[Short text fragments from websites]
● ● ● ●

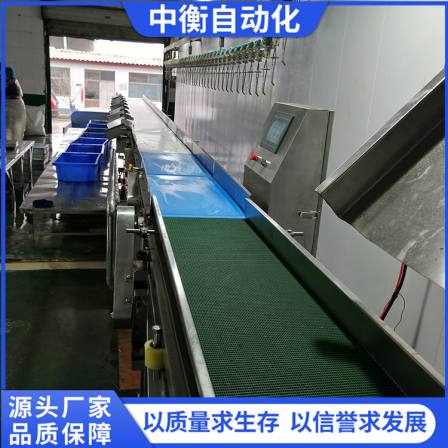 Fish Belt Weight Sorting Machine Commercial Seafood Sorting Equipment Abalone Weighing and Sorting Machine Scale Automation
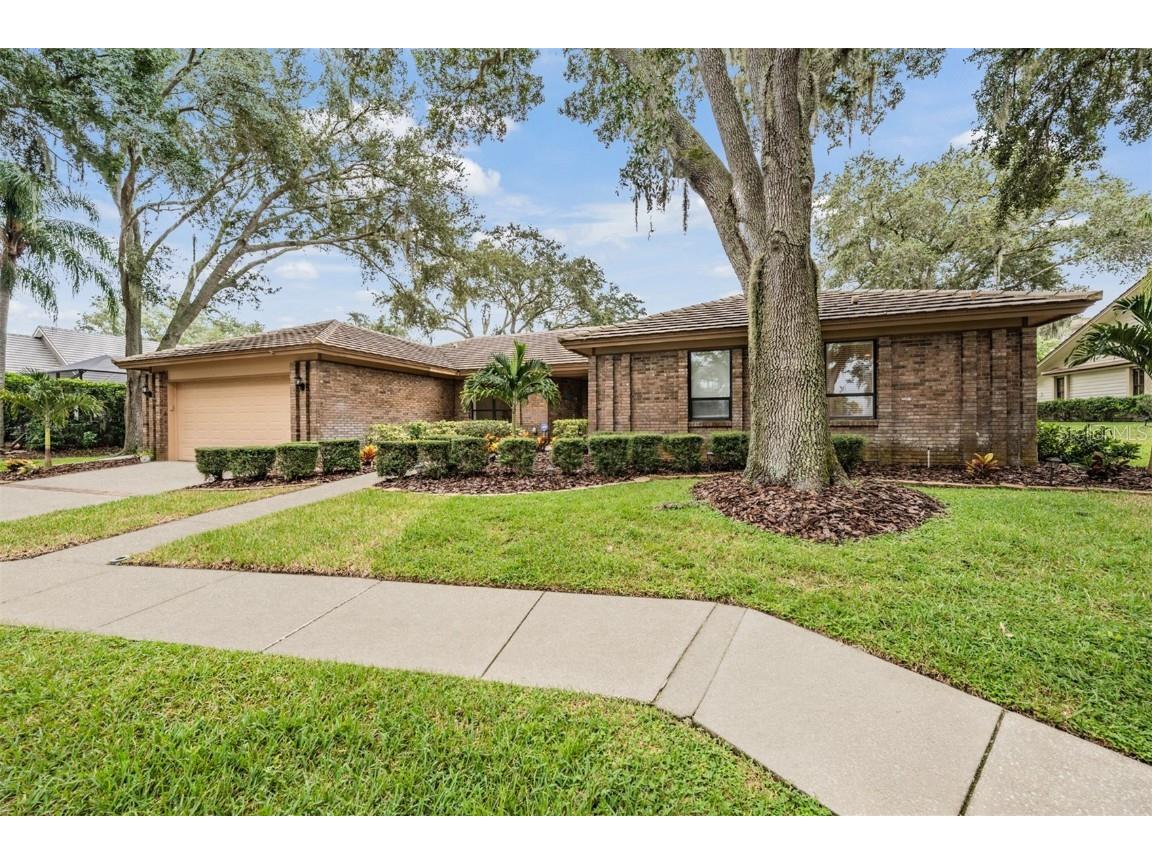 3472 Shoreline Circle Palm Harbor FL 34684 - LAKE TARPON TB8420143 image49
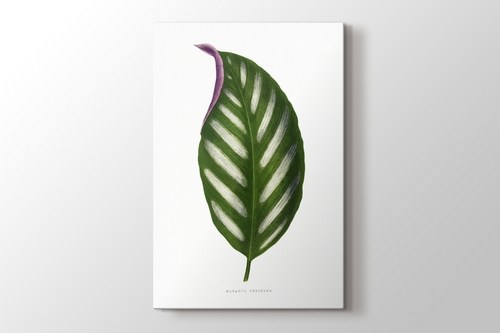 Maranta Porteana Leaf görseli.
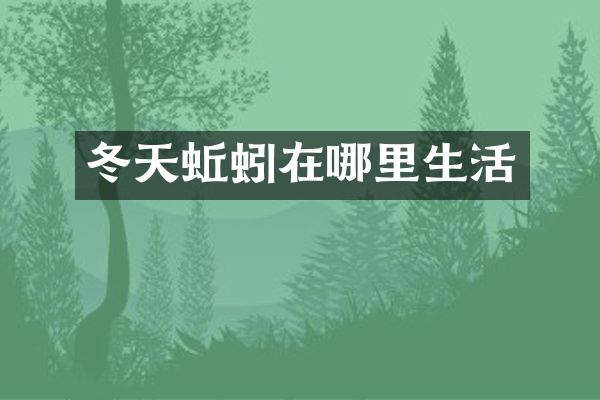 冬天蚯蚓在哪里生活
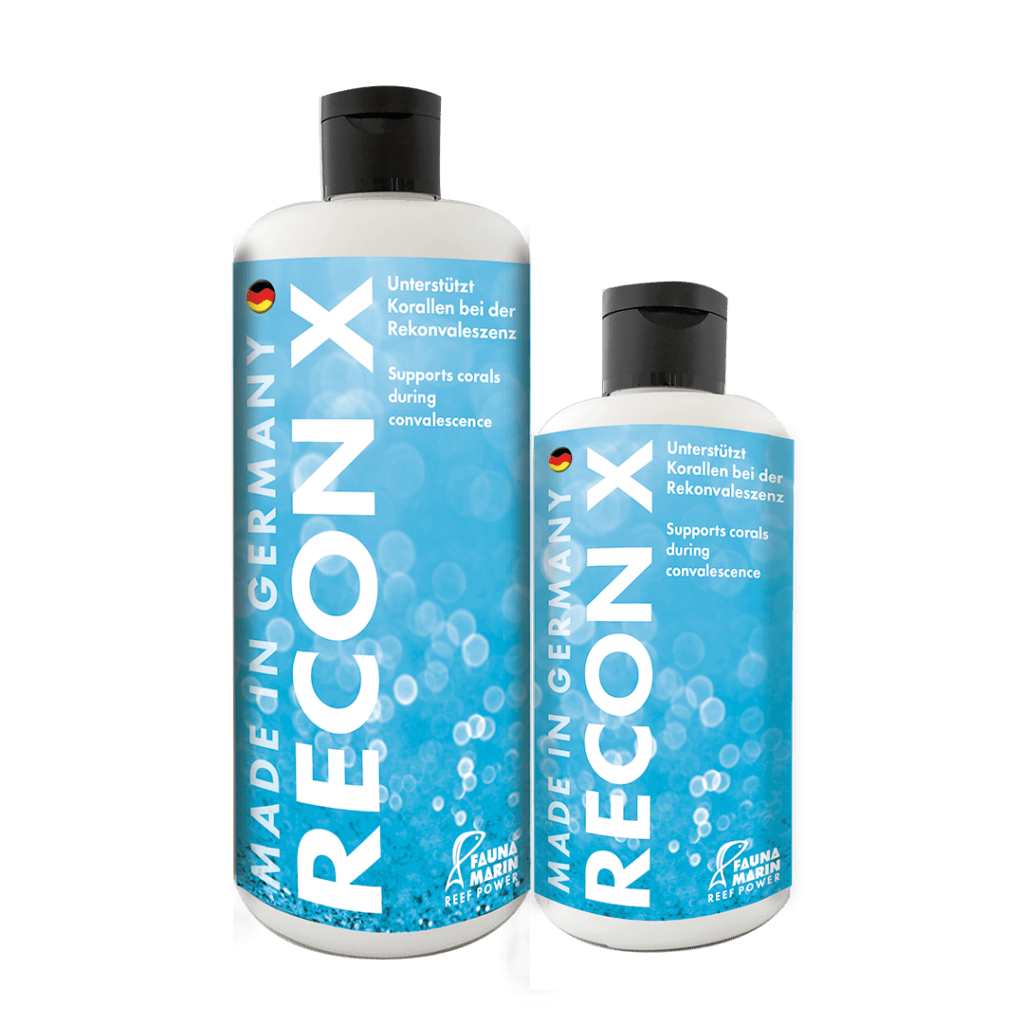 Recon-X de fauna marin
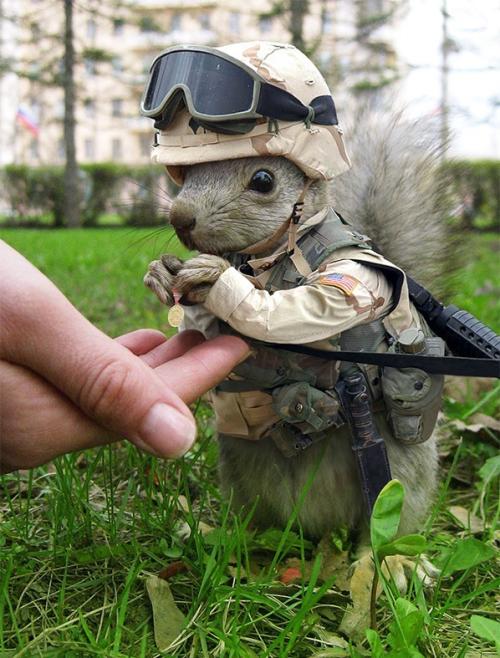 Warrior Squirrel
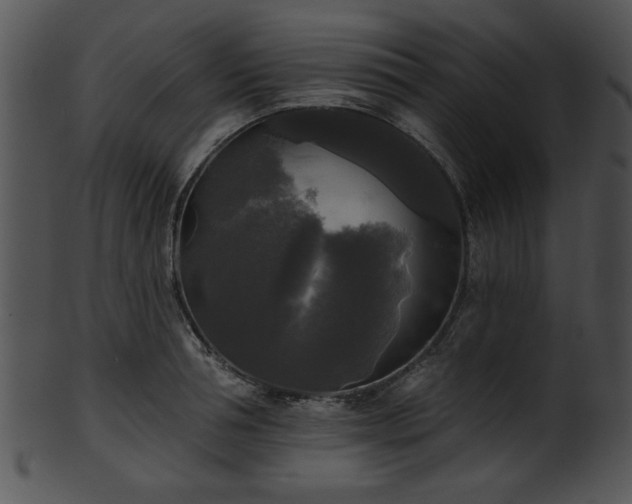 X0000101450994200807141240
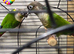 Proven breeding pair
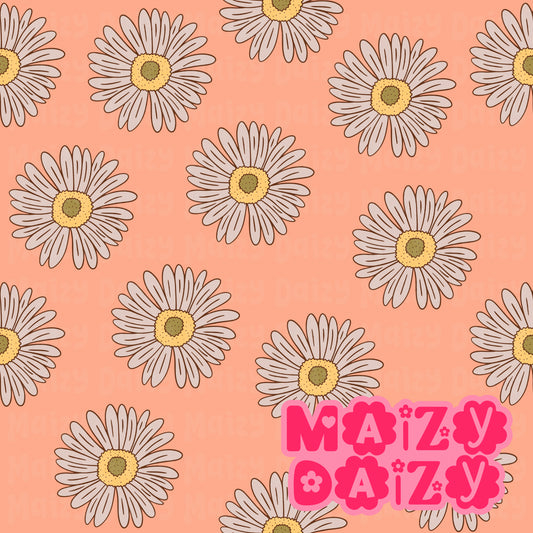 Orange daizies
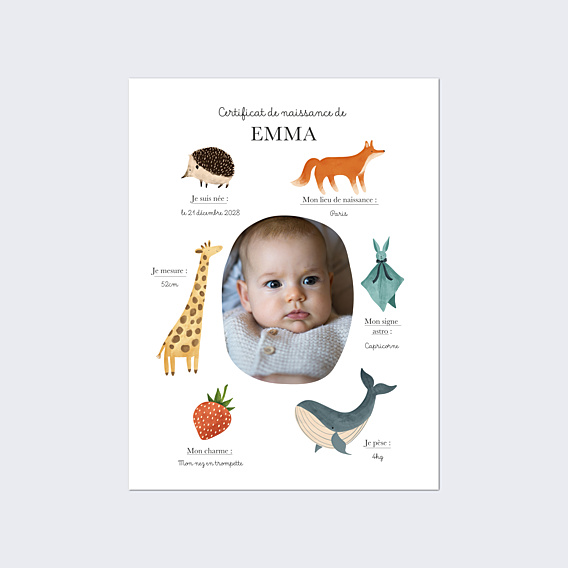 Affiche Naissance Certificat Complet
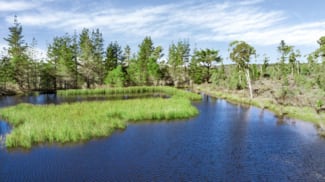 Rural / Farming commercial property for sale at 464 Tally Ho Bombay NSW 2622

● ● ● ●

EXERCISE REQUIREMENTS. Your copy should hold exactly the lines from the one with "X0000101450994200807141240" through the final line of the records, both ends included, and no pictures.

RESULT OF THE TASK.
 X0000101450994200807141240
 Proven breeding pair
 Orange daizies
 Affiche Naissance Certificat Complet
 Rural / Farming commercial property for sale at 464 Tally Ho Bombay NSW 2622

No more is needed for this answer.